Derniers tangos chez Air France

hop-avion-volLes violences du 5 octobre chez Air France ne sont pas une première. L’histoire du transport aérien est ponctuée de conflits qui se cristallisent toujours autour des pilotes. L’allemand Lufthansa en est à sa 13e grève des pilotes depuis avril 2014.

British Airways et sa filiale Iberia ont essuyé également de très violents conflits, avant d’arracher un effort de productivité de 20 % des pilotes d’Iberia.

Car le transport aérien est au cœur d’un bouleversement considérable dans un secteur bien plus sensible à la mondialisation que le train ou l’automobile. Cela a eu un effet positif, la croissance phénoménale du trafic (un milliard de passagers en 1990, plus de 3 milliards en 2015) et une conséquence négative, l’arrivée de nouveaux acteurs.

Ceux-ci ont fixé de nouvelles règles en matière de prix correspondant à des coûts bien plus légers. Un siège en seconde classe coûte deux fois plus cher à Air France qu’à EasyJet.

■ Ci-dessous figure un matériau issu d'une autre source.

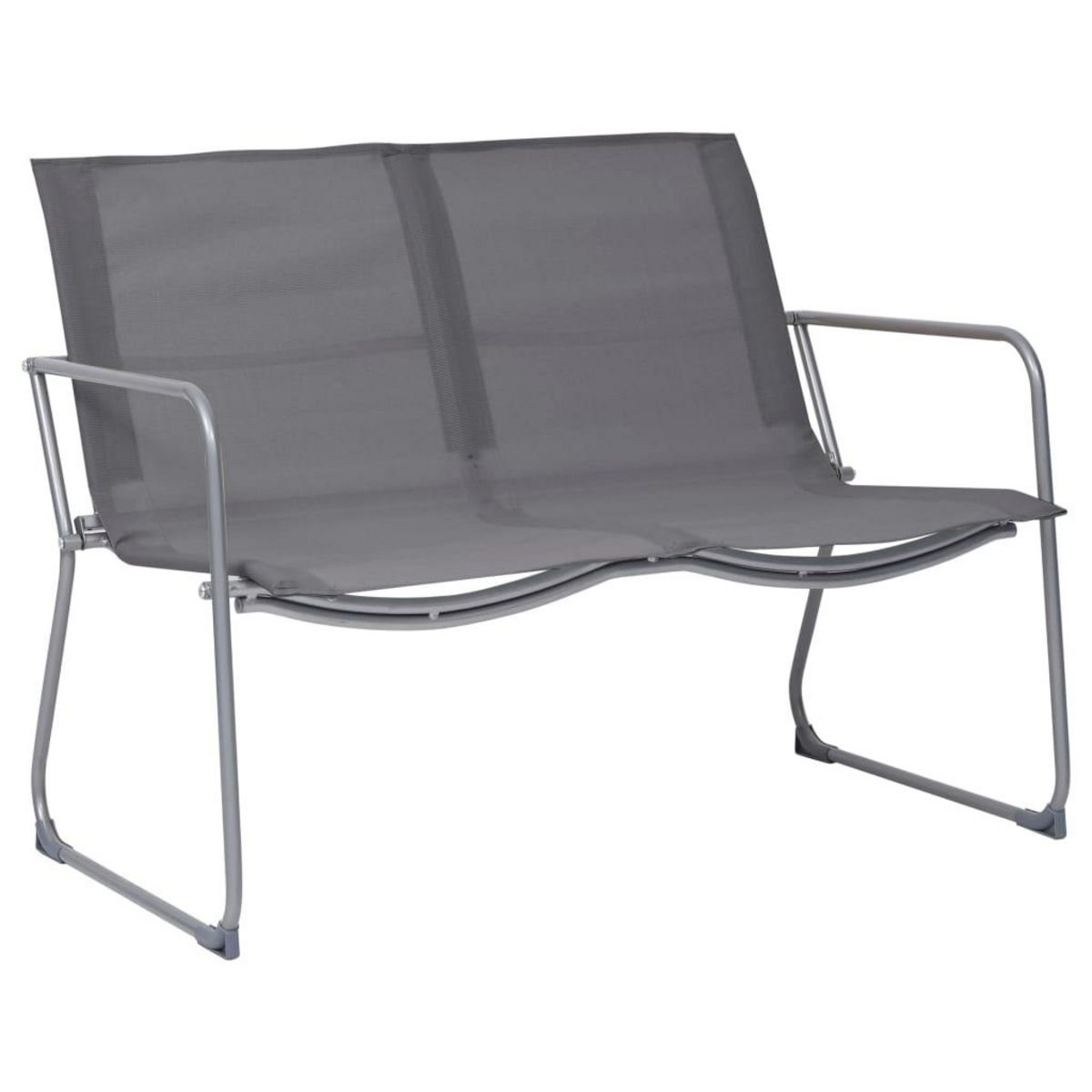 VIDAXL Salon de jardin 4 pcs Tissu et acier Gris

Comme le prix du billet doit s’aligner, ce sont des pertes qui s’affichent à l’arrivée. Sans compter les compagnies du Golfe et des pays émergents qui ont écrémé les marges sur les vols longue distance.

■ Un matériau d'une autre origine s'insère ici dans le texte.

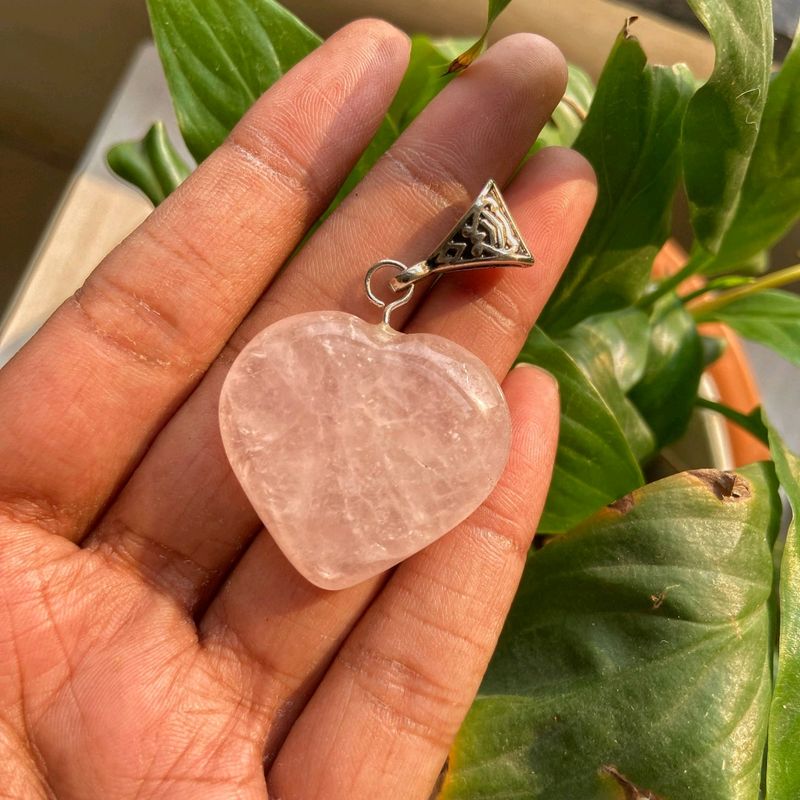 Rose Quartz Heart Pendant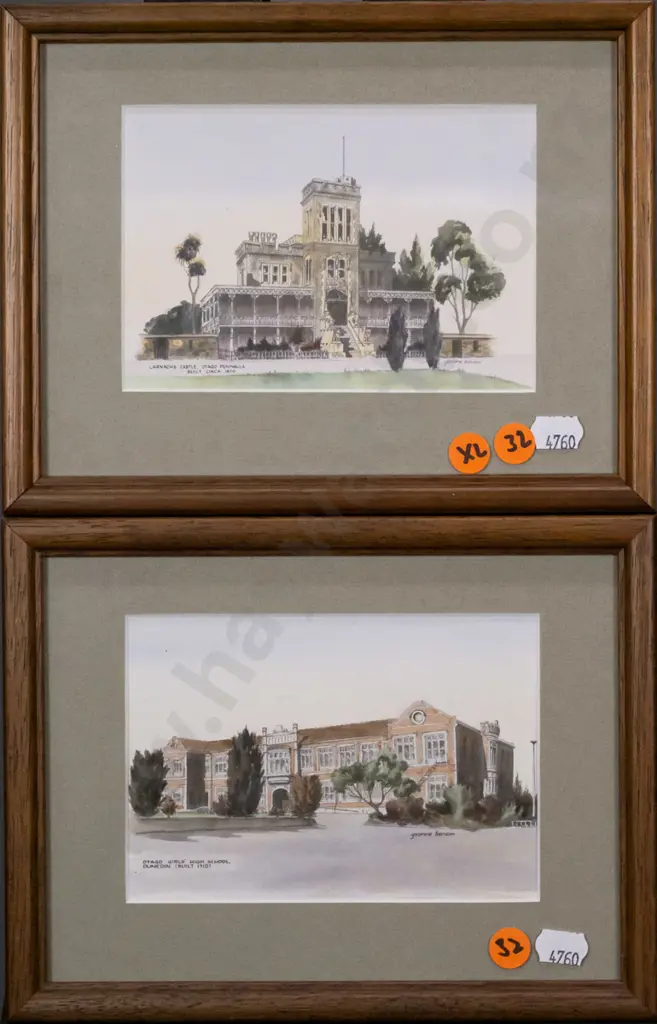 2x framed hand coloured Yvonne Benson prints - Otago Girls, Larnach Castle H-100 W-130 Image 1++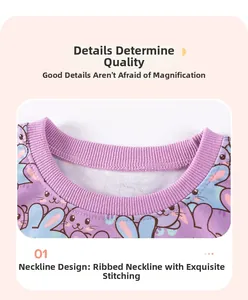 Detail of the lilac cotton sweatshirt neckline with ribbed edges and cartoon rabbit print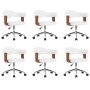 Swivel dining chairs 6 pcs curved wood white leather by , dining chairs - Ref: Foro24-3054895, Price: 796,00 €, Discount: %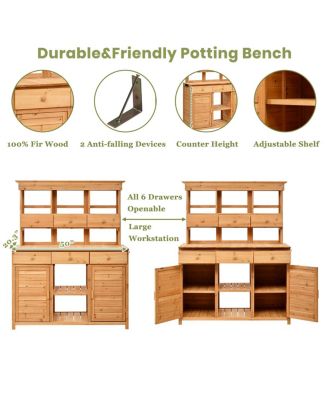65.7" Tall Garden Potting Bench with Hutch & Storage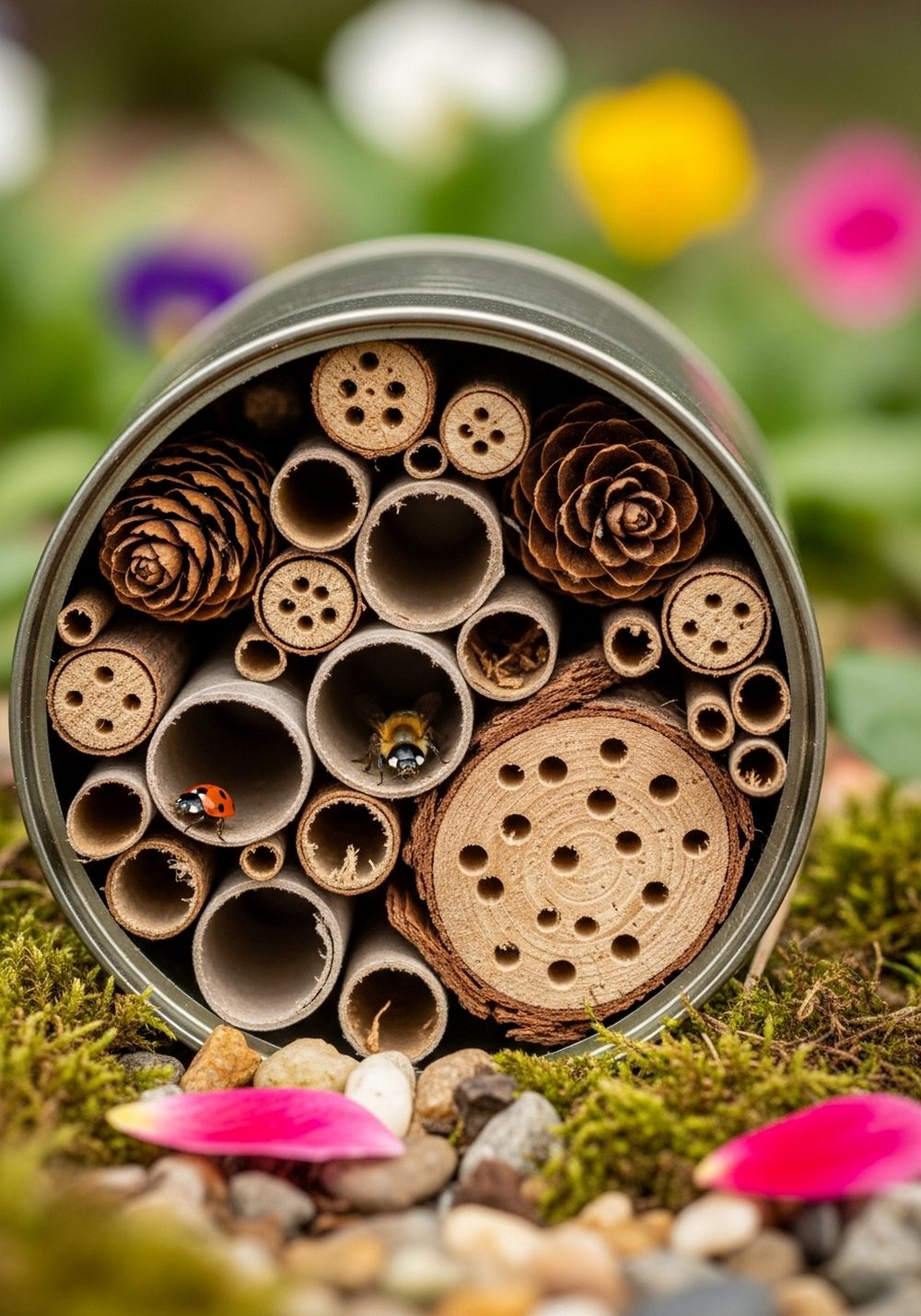 Cozy Tin Can Bug Hotel For Garden Insects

Les compagnies traditionnelles ont tardé à réagir. Après Pan Am puis TWA dans les années 1990 et 2000, Swissair, Sabena, Iberia, Alitalia ont disparu ou perdu leur indépendance en Europe. L’heure de vérité et peut-être du crash approche donc pour Air France.

Car ses résultats sont en décalage notable avec ses deux derniers concurrents européens, IAG (British Airways-Iberia) et Lufthansa. Malgré une année exceptionnelle dans le transport aérien, au seul premier semestre de cette année, Air France KLM affiche une perte de 232 millions d’euros, contre un bénéfice de près de 550 millions pour le britannique et presque autant pour l’allemand.

La dette enfle (5 milliards !) et la crise de liquidités se profile. Supprimer les lignes non rentables et couper dans les frais de personnel qui représentent le tiers des coûts, devient inévitable.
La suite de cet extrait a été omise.